The summaries provided in this Weekly Recap do not necessarily represent the views of Squire Patton Boggs (US) LLP and should not be deemed to be endorsements of them. The Recap is intended to be a compilation of articles and events to encourage discussion within the conflict minerals communitasy and to keep our readers updated on the most recent developments.

NYT: Companies Struggle to Comply with Rules on Conflict Minerals

Lynnley Browning, in her article titled Companies Struggle to Comply with Rules on Conflict Minerals, highlights the challenges companies face in complying with the obligations of the conflict minerals rule.

In her article, Ms. Browning featured our very own Dynda Thomas, leader of the Squire Patton Boggs (US) LLP conflict minerals team. Dynda noted one of the specific challenges companies should consider when complying with the rule, particularly when drafting their public disclosure, stating “[companies] have to balance the risk of being a good corporate citizen with…getting sued by activist investors, consumers or nonprofits who unearth discrepancies.”

Government Finds “Most Companies Were Unable to Determine the Source of their Conflict Minerals”

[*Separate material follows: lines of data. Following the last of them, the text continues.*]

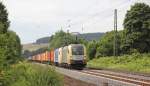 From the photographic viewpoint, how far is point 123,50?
283 feet

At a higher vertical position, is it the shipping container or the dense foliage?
the dense foliage

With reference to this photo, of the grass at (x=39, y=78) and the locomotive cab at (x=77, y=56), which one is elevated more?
the locomotive cab at (x=77, y=56)

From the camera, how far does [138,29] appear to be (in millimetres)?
83125

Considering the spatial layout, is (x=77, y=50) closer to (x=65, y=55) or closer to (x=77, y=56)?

Last month, the U.S. Government Accountability Office (the “GAO”) published a report titled SEC Conflict Minerals Rule: Initial Disclosures Indicate Most Companies Were Unable to Determine the Source of Their Conflict Minerals and found that in the 2014 filings (related to the 2013 calendar year) 67% of the companies in its generalized sample “were unable to determine whether [conflict minerals] came from the DRC or adjoining countries (Covered Countries), and none could determine whether the minerals financed or benefited armed groups in those countries. According to the GAO, companies “cited difficulty obtaining necessary information from suppliers because of delays and other challenges in communication.”

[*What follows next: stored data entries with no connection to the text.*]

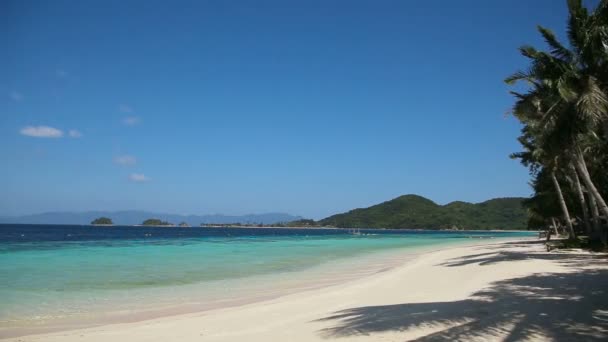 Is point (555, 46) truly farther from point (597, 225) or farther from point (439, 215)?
point (439, 215)

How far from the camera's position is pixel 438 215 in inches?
6432

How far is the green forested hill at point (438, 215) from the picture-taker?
15000 cm

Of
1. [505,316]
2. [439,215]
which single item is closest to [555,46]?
[505,316]

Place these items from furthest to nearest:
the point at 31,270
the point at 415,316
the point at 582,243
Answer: the point at 582,243, the point at 31,270, the point at 415,316

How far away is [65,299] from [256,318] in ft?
21.6

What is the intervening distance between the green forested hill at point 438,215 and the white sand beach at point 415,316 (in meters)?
143

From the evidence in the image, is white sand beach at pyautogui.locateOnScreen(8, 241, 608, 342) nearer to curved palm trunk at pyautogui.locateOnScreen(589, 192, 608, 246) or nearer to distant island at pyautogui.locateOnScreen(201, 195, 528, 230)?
curved palm trunk at pyautogui.locateOnScreen(589, 192, 608, 246)

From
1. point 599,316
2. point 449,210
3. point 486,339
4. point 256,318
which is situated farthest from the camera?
point 449,210

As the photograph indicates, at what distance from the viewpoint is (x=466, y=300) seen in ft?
29.2

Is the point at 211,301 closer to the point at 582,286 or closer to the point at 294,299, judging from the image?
the point at 294,299

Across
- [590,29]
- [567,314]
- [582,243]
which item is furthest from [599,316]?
[582,243]

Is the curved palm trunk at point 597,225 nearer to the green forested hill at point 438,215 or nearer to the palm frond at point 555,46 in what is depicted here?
the palm frond at point 555,46

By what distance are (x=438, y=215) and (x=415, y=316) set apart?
165m

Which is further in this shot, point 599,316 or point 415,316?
point 415,316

Supply & Demand Chain Executive – Conflict Minerals: The Time Is Near

In his article titled Conflict Minerals: The Time Is Near, Barry Hochfelder of Supply & Demand Chain Executive reports on a whole host of aspects related to the conflict minerals rule including, consumer and activist watchdog groups activities, the European Union conflict minerals draft regulation, a primer on the conflict minerals rule and gaining visibility into one’s supply chain.

In regards to gaining visibility into one’s supply chain, Barry echoes what we have been saying all along: “[w]hile performing this due diligence, companies would be wise to keep their eyes open for other violations.”